§ **TASK DIRECTIONS**:
Please transcribe the data below in full. Omit any picture you find in it.

§ **GIVEN RECORDS**:
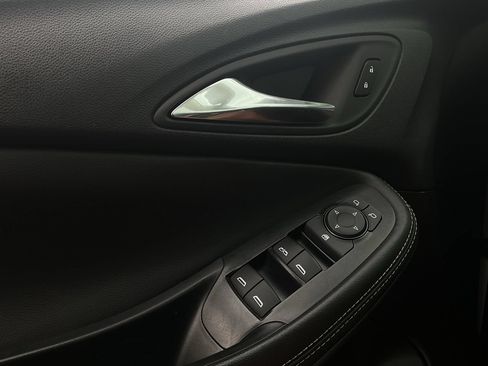 Used 2025 Buick Encore GX Preferred FWD image 19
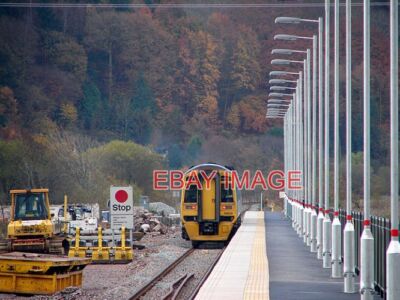 PHOTO  DOVEY JUNCTION STATION - REFURBISHED - 4 AN ABERYSTWYTH BOUND TRAIN IS SE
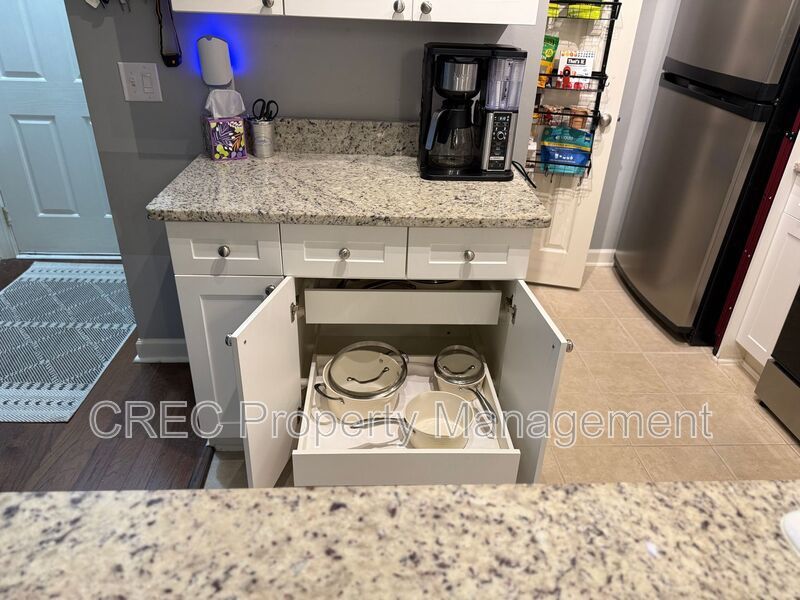 Move-In Ready & Fully Furnished Chic Condo in Grove Park at Grand Oaks property image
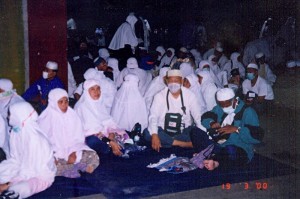 20000319_mina_jamrah2 Sun March 19, 2000 (13 Dzulhijjah 1420). Another picture of us waiting for Subuh time near Jamrah Al-Shughra after completing the 12 Dzulhijjah's jamrah stonings.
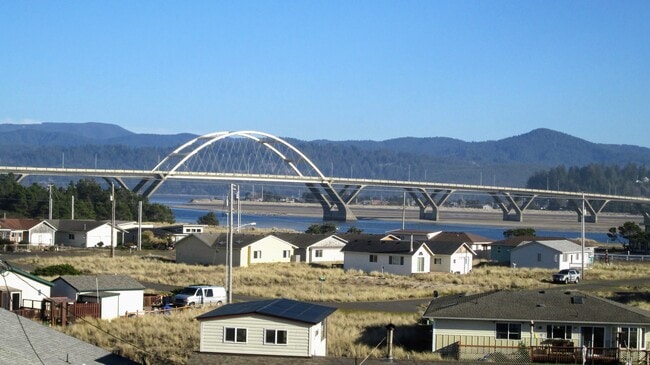 702 NW Oceania Dr in Waldport, OR - Building Photo - Building Photo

§ **RESULT**:
 Used 2025 Buick Encore GX Preferred FWD image 19
 PHOTO  DOVEY JUNCTION STATION - REFURBISHED - 4 AN ABERYSTWYTH BOUND TRAIN IS SE
 Move-In Ready & Fully Furnished Chic Condo in Grove Park at Grand Oaks property image
 20000319_mina_jamrah2 Sun March 19, 2000 (13 Dzulhijjah 1420). Another picture of us waiting for Subuh time near Jamrah Al-Shughra after completing the 12 Dzulhijjah's jamrah stonings.
 702 NW Oceania Dr in Waldport, OR - Building Photo - Building Photo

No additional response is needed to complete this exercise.